Hans Schardt | |
Birth Date: | 18 June 1858 |
Birth Place: | Basel, Switzerland |
Nationality: | Swiss |
Known For: | Studies on folding and movement of earth layers, explanation of the Glarus thrust as a nappe |
Hans Schardt (18 June 1858 – 3 February 1931) was a Swiss geologist and a professor at the University of Neuchâtel and at the ETH and the University of Zurich. He contributed to studies on the folding and movement of layers of the earth based on stratigraphy. His studies where based on the Glarus thrust which he explained as a nappe.
Schardt was born in Basel and moved to Yverdon to train as a pharmacist. He then trained to become a high-school teacher.
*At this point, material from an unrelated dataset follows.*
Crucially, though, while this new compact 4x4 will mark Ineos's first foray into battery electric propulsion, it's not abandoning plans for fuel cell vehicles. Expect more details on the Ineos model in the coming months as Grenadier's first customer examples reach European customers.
He went to study geology at the University of Geneva and received a doctorate in 1884 after which he taught at the Collège in Montreux. Completing his habilitation in Lausanne in 1891, he went to Heidelberg and then became a professor at the Neuchâtel Academy where he began a geology institute. In 1911 he moved to the University of Zurich to succeed Albert Heim. He retired in 1928.[1] Schardt noted the prealps and some Jurassic strata were resting atop younger tertiary flysch. Schardt was the first to suggest that parts of the prealps were formed elsewhere and had been shifted (termed as allochthonous) and noted as tectonic outliers.[2] [3]
Schardt was a keen alpinist, and coauthor of a Geographical dictionary of Switzerland.